The complication of our modern world proves the truth of the creed
more perfectly than any of the plain problems of the ages of faith.
It was in Notting Hill and Battersea that I began to see that
Christianity was true. This is why the faith has that elaboration
of doctrines and details which so much distresses those who admire
Christianity without believing in it. When once one believes in a creed,
one is proud of its complexity, as scientists are proud of the
complexity of science. It shows how rich it is in discoveries.
If it is right at all, it is a compliment to say that it's elaborately right.
A stick might fit a hole or a stone a hollow by accident.
But a key and a lock are both complex. And if a key fits a lock,
you know it is the right key.
But this involved accuracy of the thing makes it very difficult
to do what I now have to do, to describe this accumulation of truth.
It is very hard for a man to defend anything of which he is
entirely convinced. It is comparatively easy when he is only
partially convinced. He is partially convinced because he has found
this or that proof of the thing, and he can expound it.
But a man is not really convinced of a philosophic theory when he finds
that something proves it. He is only really convinced when he finds
that everything proves it. And the more converging reasons he finds
pointing to this conviction, the more bewildered he is if asked suddenly
to sum them up.
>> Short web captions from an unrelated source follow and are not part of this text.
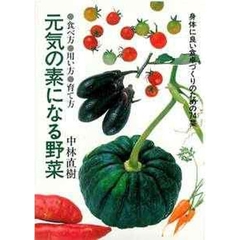 元気の素になる野菜　食べ方・用い方・育て方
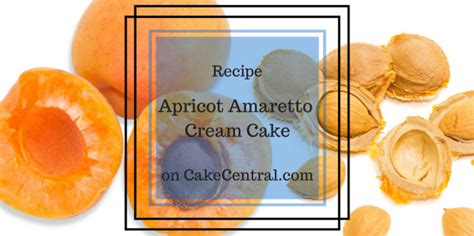 Amaretto Cream Cake - CakeCentral.com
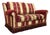 Strpied Sofa Bed, 1990s For Sale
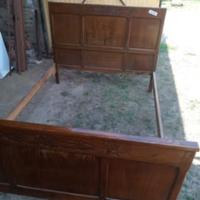 Camera da letto originale arte povera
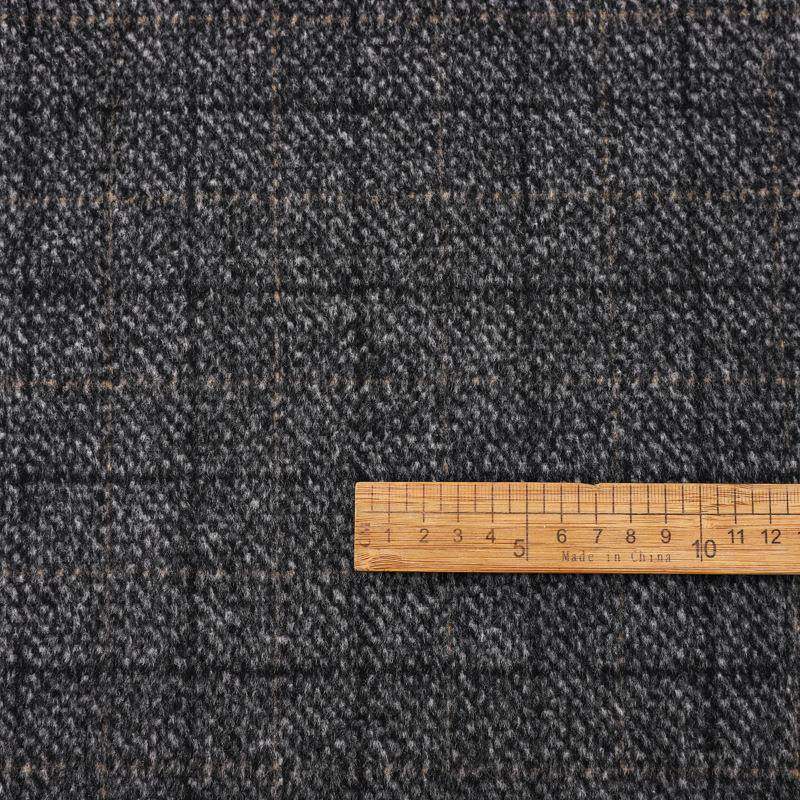 现货无品牌/大雪呢面衣料秋粗纺服装双冬面毛呢面花料柔软披肩羊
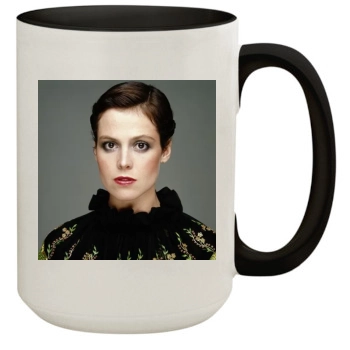 Sigourney Weaver 15oz Colored Inner & Handle Mug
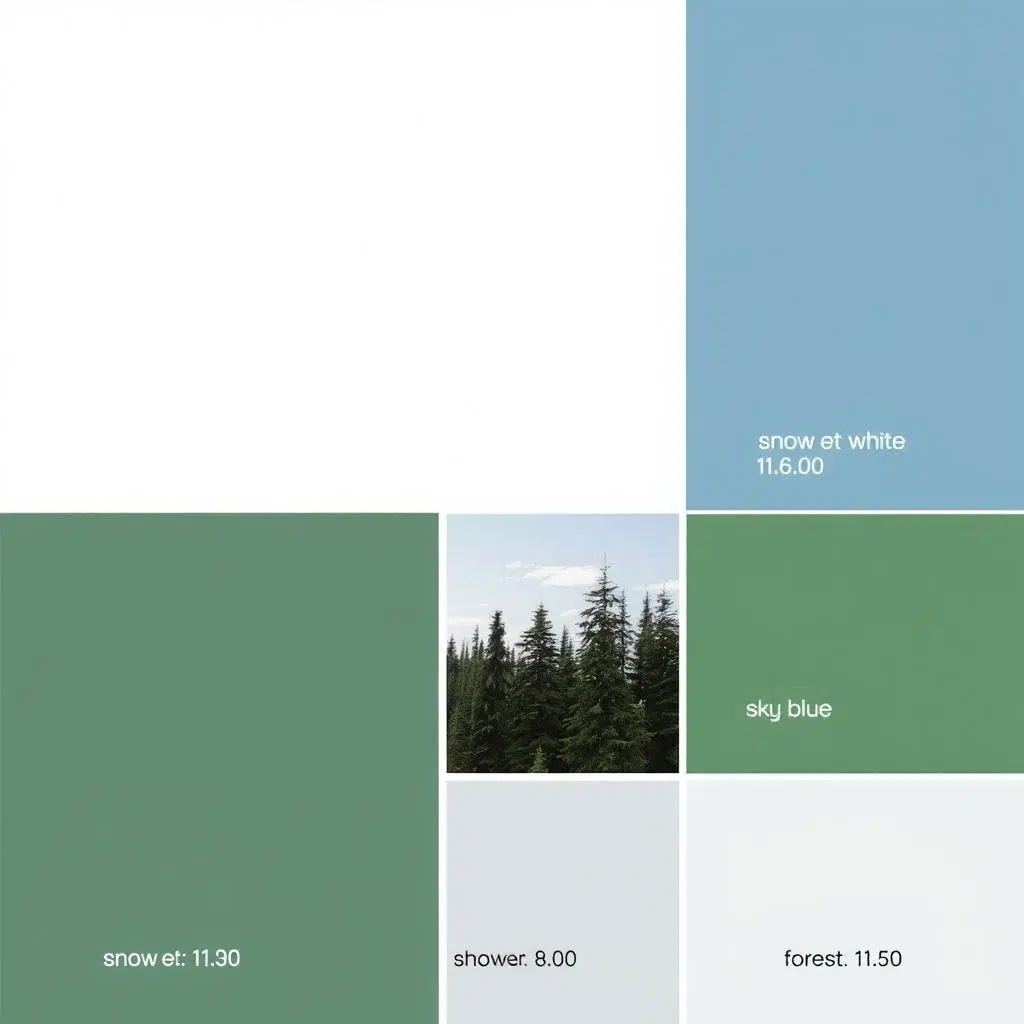 Natuurlijke tinten uit het Scandinavische kleurenpalet Natuurlijke tinten uit het Scandinavische kleurenpalet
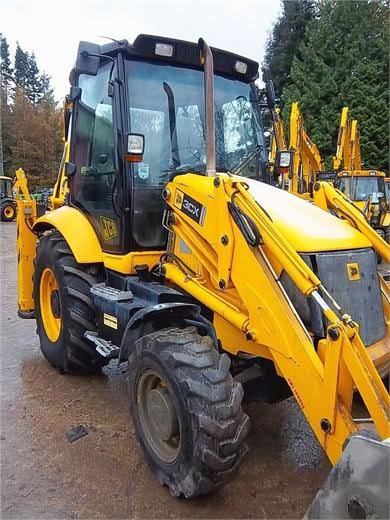 Tractopelle JCB 3CX 2007 – 8T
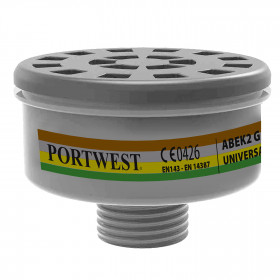 ABEK2 Gas Filter Universal Thread (Pk4) (per 4 pcs) P926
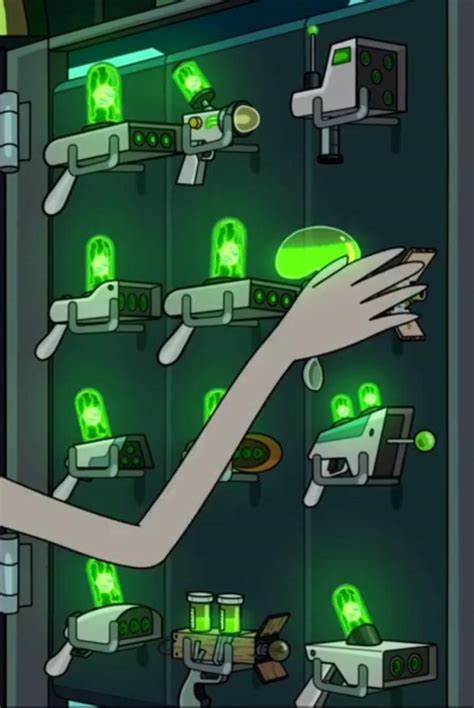 Which Portal Gun Is Your Favourite R Rickandmorty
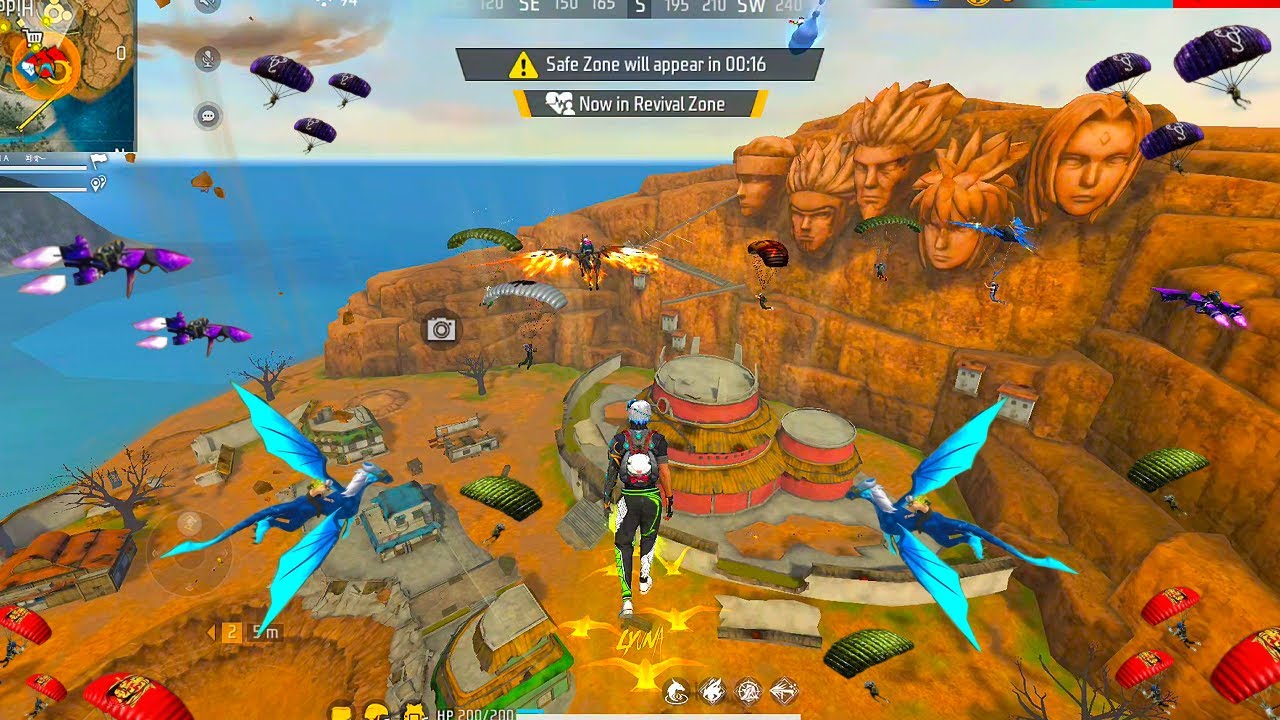 HIDDEN LEAF VILLAGE💔🥀 99% Headshot🎯25 Kill⚡| Duo Vs Squad Full Gameplay | intel i5 🖥 Freefire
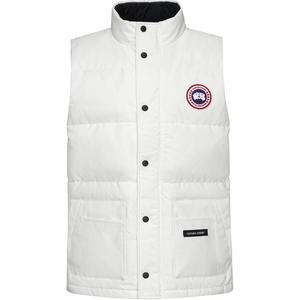 Флисовая жилетка Freestyle Series FW24 мужская белая Canada Goose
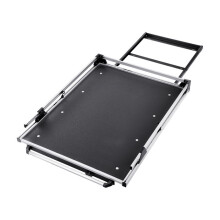 Organiseur de Lit Coulissant - DUOKU - 1727 x 1220 mm - Tiroir de Rangement Robuste - Noir - 453,6 kg
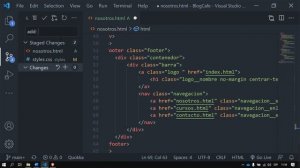 Subir cambios desde Visual Studio Code a GitHub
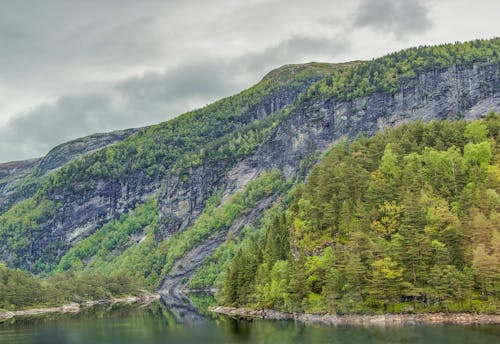 Free stock photo of amazing, beautiful view, fjord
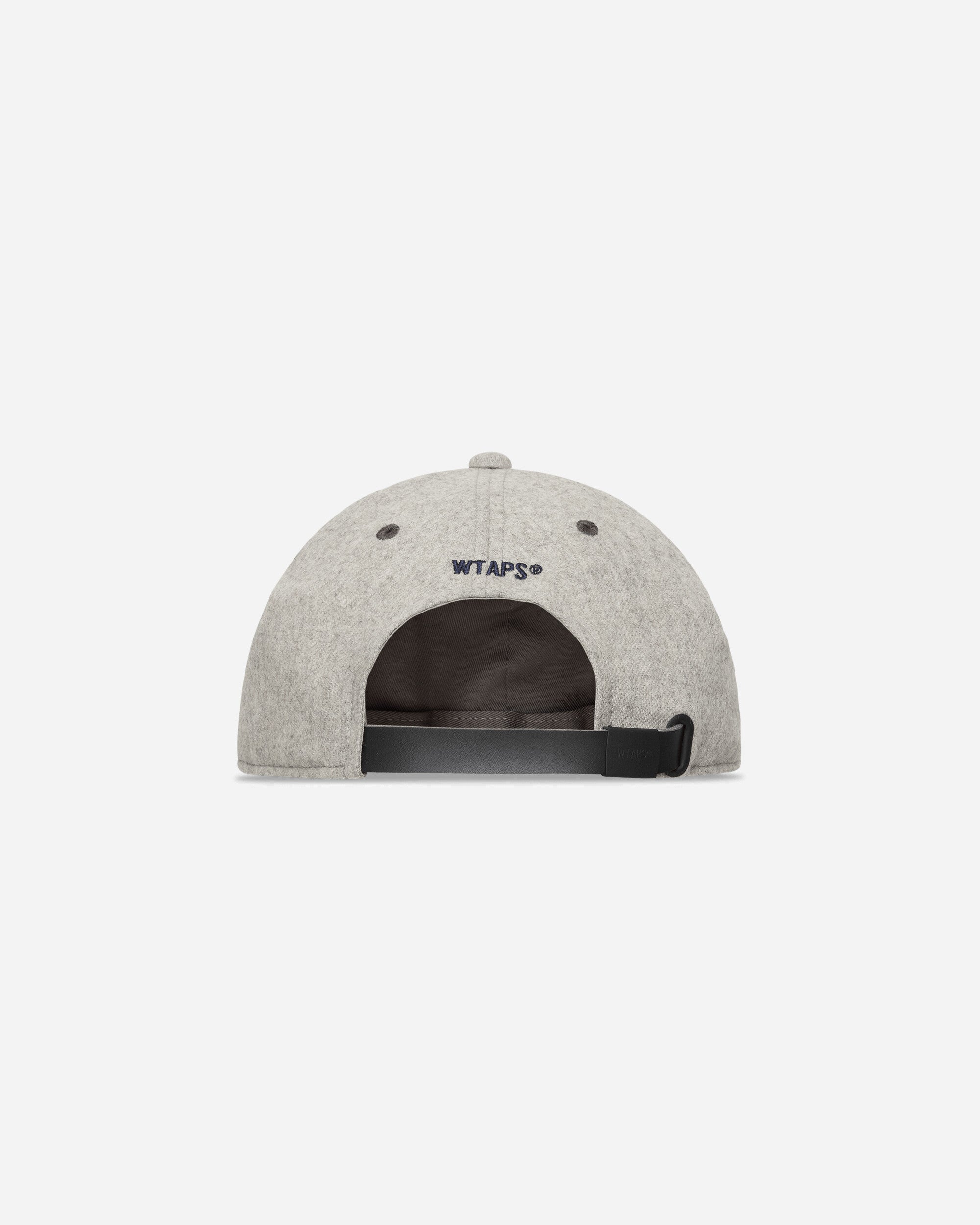 WTAPS T6M 05  Cap  Wony Flannel Gray Hats Caps 252HCDT-HT14 GRAY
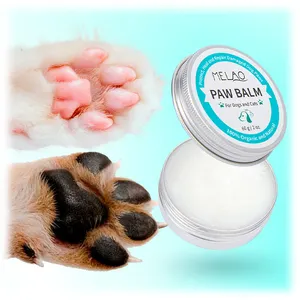 Vente en gros OEM marque privée produits de soins biologiques naturels pour animaux de compagnie chien baume apaisant pour les pattes pour chiens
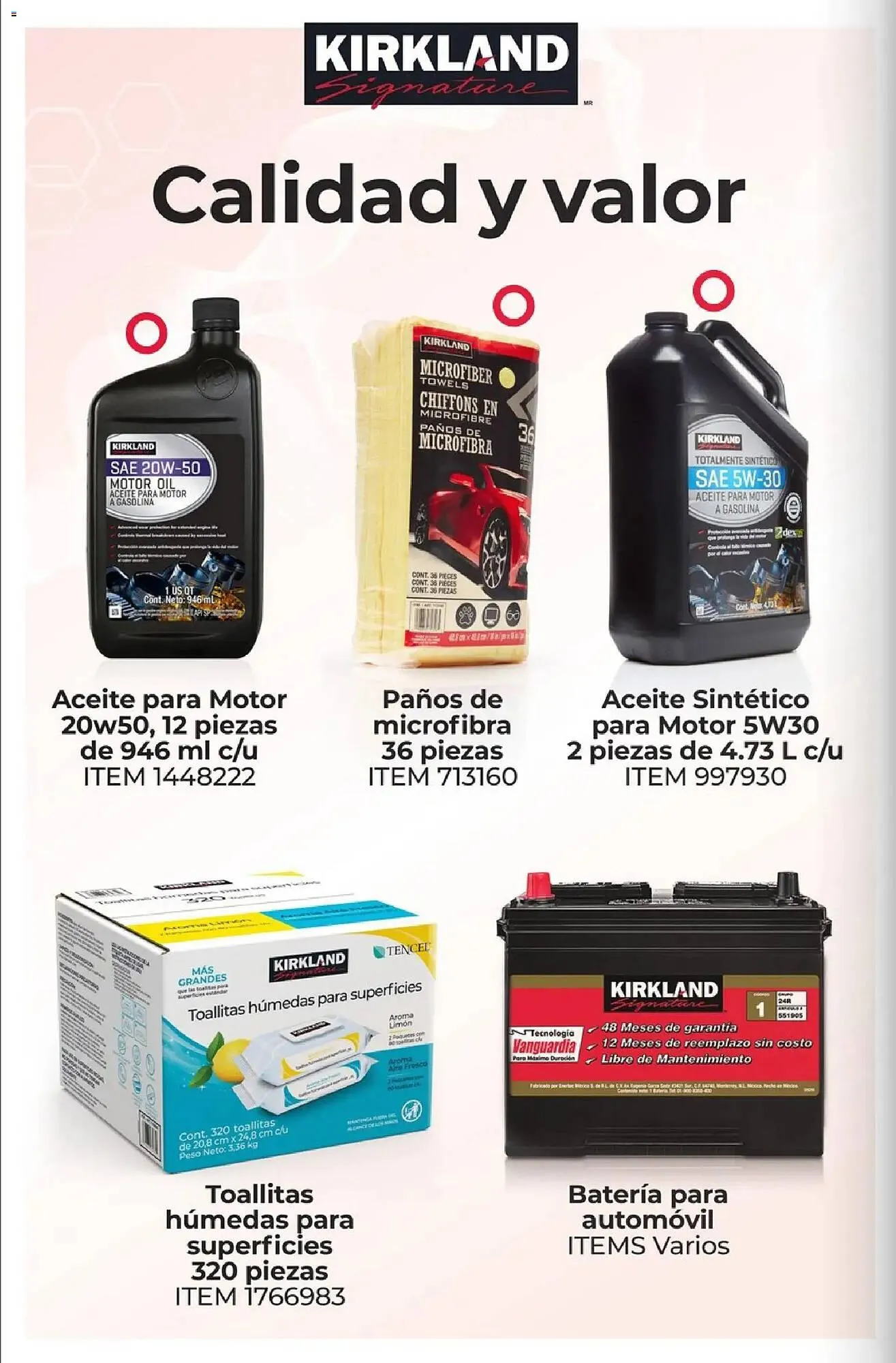 Catálogo de Catálogo Costco 1 de marzo al 1 de abril 2026 - Pagina 38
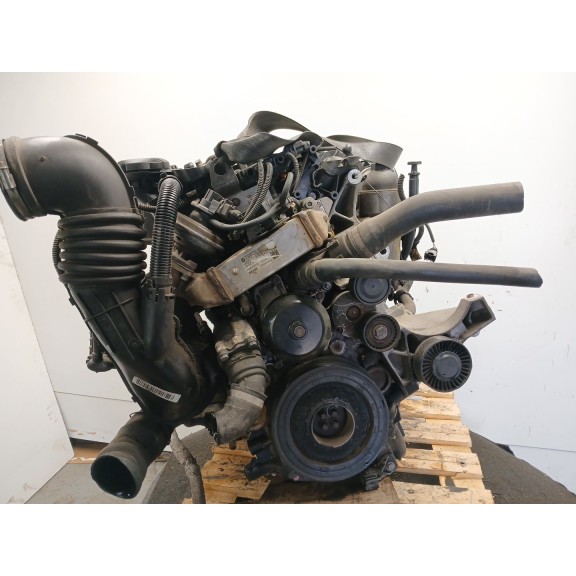 Recambio de despiece motor para bmw 1 (e81) 116 d referencia OEM IAM N47D20A  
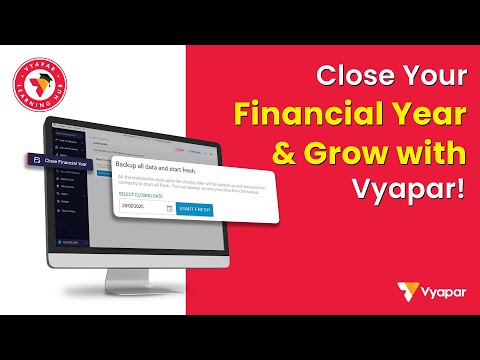 English - Close Your Financial Year & Grow with Vyapar!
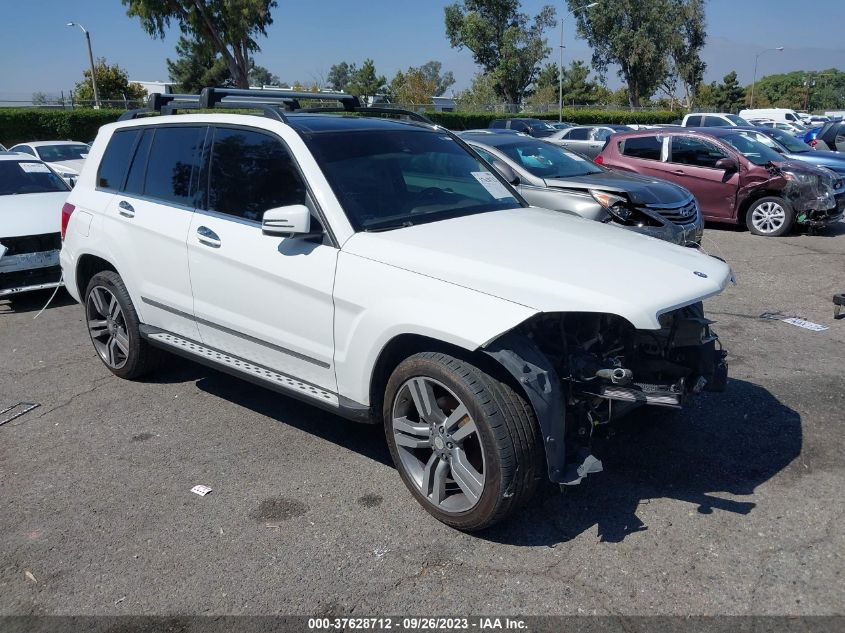 2014 MERCEDES-BENZ GLK 250 BLUETEC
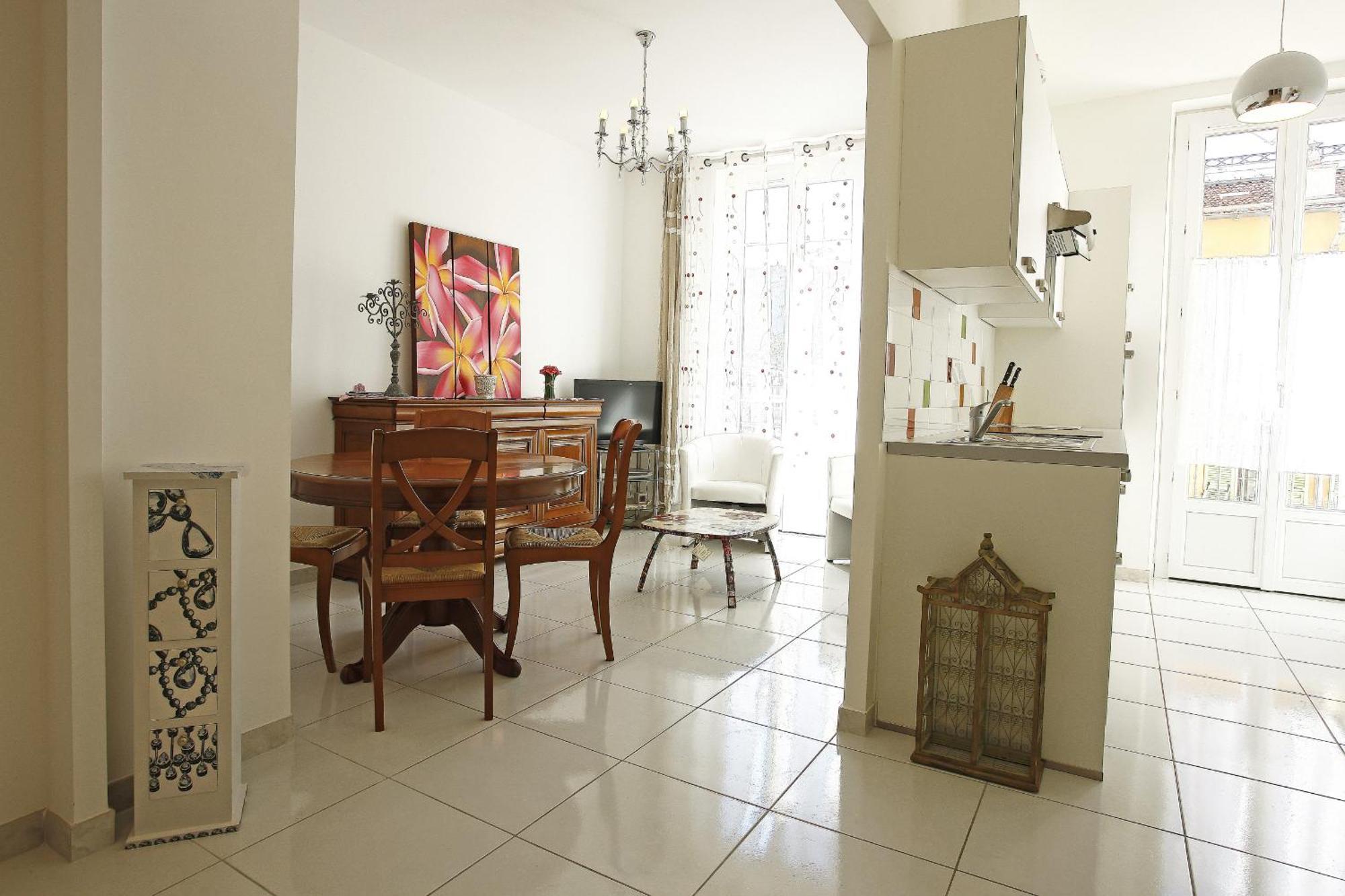 Aigue-Marine - Superbe Appartement Vue Mer 4 Personnes Au Port De Nice Exterior foto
Thus, if one asked an ordinary intelligent man,
on the spur of the moment, "Why do you prefer civilization to savagery?"
he would look wildly round at object after object, and would only
be able to answer vaguely, "Why, there is that bookcase . . .
and the coals in the coal-scuttle . . . and pianos . . . and policemen."
The whole case for civilization is that the case for it is complex.
It has done so many things. But that very multiplicity of proof
which ought to make reply overwhelming makes reply impossible.
There is, therefore, about all complete conviction a kind of
huge helplessness. The belief is so big that it takes a long time to
get it into action. And this hesitation chiefly arises,
oddly enough, from an indifference about where one should begin.
All roads lead to Rome; which is one reason why many people never get there.
In the case of this defence of the Christian conviction I confess that
I would as soon begin the argument with one thing as another;
I would begin it with a turnip or a taximeter cab. But if I am to be
at all careful about making my meaning clear, it will, I think,
be wiser to continue the current arguments of the last chapter,
which was concerned to urge the first of these mystical coincidences,
or rather ratifications. All I had hitherto heard of Christian theology
had alienated me from it. I was a pagan at the age of twelve,
and a complete agnostic by the age of sixteen; and I cannot understand
any one passing the age of seventeen without having asked himself
so simple a question. I did, indeed, retain a cloudy reverence for
a cosmic deity and a great historical interest in the Founder of Christianity.
But I certainly regarded Him as a man; though perhaps I thought that,
even in that point, He had an advantage over some of His modern critics.
I read the scientific and sceptical literature of my time--all of it,
at least, that I could find written in English and lying about;
and I read nothing else; I mean I read nothing else on any other
note of philosophy. The penny dreadfuls which I also read were indeed
in a healthy and heroic tradition of Christianity; but I did not know this
at the time. I never read a line of Christian apologetics.
I read as little as I can of them now. It was Huxley and Herbert Spencer
and Bradlaugh who brought me back to orthodox theology.
They sowed in my mind my first wild doubts of doubt.
Our grandmothers were quite right when they said that Tom Paine and the
free-thinkers unsettled the mind. They do. They unsettled mine horribly.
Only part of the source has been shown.